Branched-chain α-ketoacid dehydrogenase (BCKD).
Defect in BCKD leads to what disease?
Maple Syrup Urine Disease (MSUD).
What builds up in MSUD?
BCAAs and their α-ketoacids.
Which BCAA is purely ketogenic?
Leucine
What are the final metabolic products of each branched-chain amino acid?
Valine → ?
Isoleucine → ?
Leucine → ?
Valine → Succinyl-CoA (glucogenic)
Isoleucine → Acetyl-CoA + Succinyl-CoA (both)
Leucine → Acetoacetate + HMG-CoA (ketogenic)
What enzyme is deficient in Propionic Acidemia?
Propionyl-CoA carboxylase.
What cofactor does propionyl-CoA carboxylase require?
Biotin
What metabolite accumulates in Propionic Acidemia?
Propionic acid / propionyl-CoA.
What amino acids must be restricted in Propionic Acidemia?
VOMIT
Valine
Odd-chain fatty acids
Methionine
Isoleucine
Threonine
Why is glycine and ammonia elevated in someone who has propionic acidemia?

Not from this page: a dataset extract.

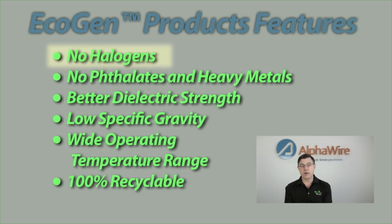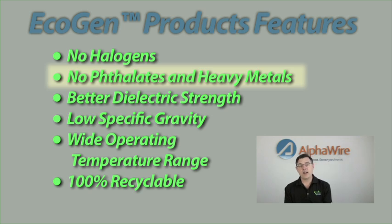First, it is halogen free. Halogens are part of a chemical family that when burning in a fire produce acid gases. That's a bad thing, so being halogen free is a definite advantage of EcoGen. They also contain no phthalates or heavy metals. Both of these are increasingly coming up on a list of banned or restricted chemicals, so being phthalate free makes it very good for a lot of applications, including medical.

Elevated propionic acid inhibits the glycine cleavage complex (glycine build up) and carbamoyl phosphate synthetase I (ammonia build up)
What enzyme converts methionine into S-adenosylmethionine (SAM)?
Methionine adenosyltransferase.
What molecule is required to activate methionine into SAM?
ATP
Name two compounds synthesized using SAM.
Epinephrine and melatonin.
What is SAM's main function?
Major methyl donor for methylation reactions in cells.
What happens to SAM during methylation reactions?
SAM donates a methyl group to become S-adenosylhomocysteine (SAH).
What does S-adenosylhomocysteine (SAH) break down into?
Homocysteine + adenosine.
What combines to form cystathionine?
Homocysteine + serine(Enzyme: cystathionine synthase, requires PLP/B6)
What enzyme deficiency causes classic homocystinuria?
Cystathionine synthase deficiency (↓PLP activity)
What builds up in homocystinuria?
Homocysteine (and methionine ↑).
Is cysteine essential or non-essential?
Cysteine becomes essential when methionine is low (because it’s made from methionine).
What remethylates homocysteine to methionine?
Methionine synthase (B₁₂-dependent) using FH₄-CH₃ (methyl-THF) as the methyl donor.
What produces methyl-THF for the remethylation reaction?
MTHFR (methylenetetrahydrofolate reductase) converts FH₄-CH₂ → FH₄-CH₃.Requires NADPH.
What defects cause homocystinuria via the remethylation pathway?
Deficiency of:
Methionine synthase
MTHFR
→ Homocysteine ↑, methionine ↓
What is the major cause of morbidity and the most frequent cause of mortality in homocystinuria?
Thromboembolism — can involve any vessel, with increased risk in pregnancy, postpartum, and postoperative periods.
What are the main treatments for classic homocystinuria?
Limit methionine in the diet
B6 supplementation (may increase activity if enzyme has reduced B6 binding)
Goal: reduce homocysteine levels to reduce thrombosis risk
Which vitamins help lower homocysteine levels by supporting its metabolism?
Vitamin B6 (pyridoxal/PLP), folic acid (B9), and vitamin B12.